Shovel Knight

Shovel Knight ist ein Spiel, dass sich sehr stark an Klassikern der alten Nintendo Zeiten, wie zum Beispiel Duck Tales oder auch Mega Man. Also ist es auch kein Wunder, dass Shovel Knight als Kickstarter Projekt mehr als 300.000 US Dollar sammeln konnte und damit zurzeit auf den meisten Plattformen vertreten ist. Sowohl PC, Mac und Linux Nutzer als auch 3DS, Wii U, Playstation 3, Playstation 4, Playstation Vita, Xbox One und neuerdings Switch Besitzer erfreuen sich an diesem Spiel. Doch was macht Shovel Knight so besonders und die wichtigste Frage: Lohnt es sich?

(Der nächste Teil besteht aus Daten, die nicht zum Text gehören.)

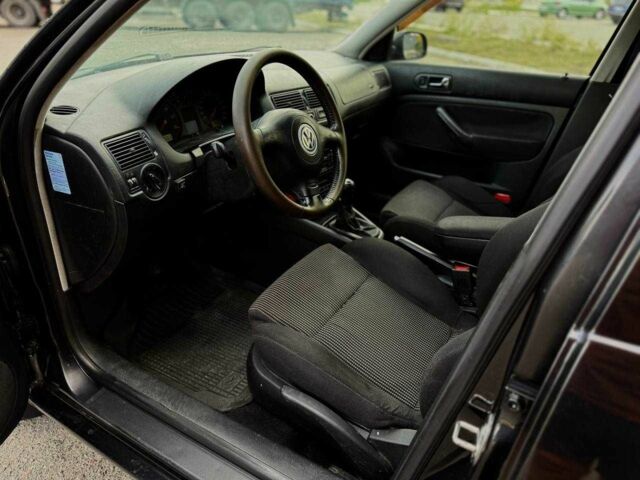 Черный Фольксваген Гольф, объемом двигателя 1.6 л и пробегом 297 тыс. км за 3900 $, фото 6 на Automoto.ua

Die Geschichte von Shovel Knight ist schnell erzählt. Der namensgebende Shovel Knight (zu Deutsch: Schaufelritter) will mit seiner Gefährtin „Shield Knight“ (zu Deutsch: Schildritter) das Böse bekämpfen. Sie beschritten bereits viele Abenteuer, doch am letzten Punkt ihrer Reise, der Turm des Schicksals verlieren beide den Kampf und Shield Knight wird zur bösen Zauberin. Shovel Knight schwört sich daraufhin Sie zu retten und damit beginnt dann auch das Spiel. Die Geschichte wird während der gesamten Spielzeit nach und nach mit verschiedenen Charakteren ergänzt. Die Geschichte wird auch durch die Inszenierung sehr authentisch. Shovel Knight bringt zwar keine neuen Ansätze, aber das Grundgerüst der Geschichte ist solide und durch aus sehr gut umgesetzt.

Das Hauptaugenmerk ist dennoch die Spielmechanik des Spieles. Hier setzt man glasklar auf die bekannten Klassiker wie Duck Tales und Mega Man. So besitzen alle Level einen Boss Kampf (wie Mega Man) und die Art der Waffe (also der Schaufel) ist ähnlich zum Stock von Dagobert Duck aus Duck Tales. Hier wurde bereits auf Basierendem aufgebaut, was auch nichts Neues darstellt, aber sehr gut umgesetzt wurde. Dazu wurde die Spielmechanik noch um ein paar Features, wie das Aufrüsten der Waffe und Rüstung erweitert. Auch gibt es optionale Waffen wie einen Feuerstab oder Wurfhaken. Die Levelstruktur ist im höchsten Maße beeindruckend. Selten habe ich ein Spiel erlebt, welches durch abwechslungsreiche Level beeindrucken kann. In jedem Level sind neue Elemente enthalten, wodurch sich alle Level grundlegend unterscheiden. Auch die Boss-Kämpfe sind fordernd und teilweise braucht es seine Zeit, bis ein Boss endlich besiegt ist. Auch gibt es keinen Game Over, sondern verliert man beim Sterben einen gewissen Anteil seines Geldes, denn der Spieler selbst noch einsammeln kann. Hier kann der Spieler selbst durch seine Fertigkeiten weiterkommen und nicht durch pures Glück.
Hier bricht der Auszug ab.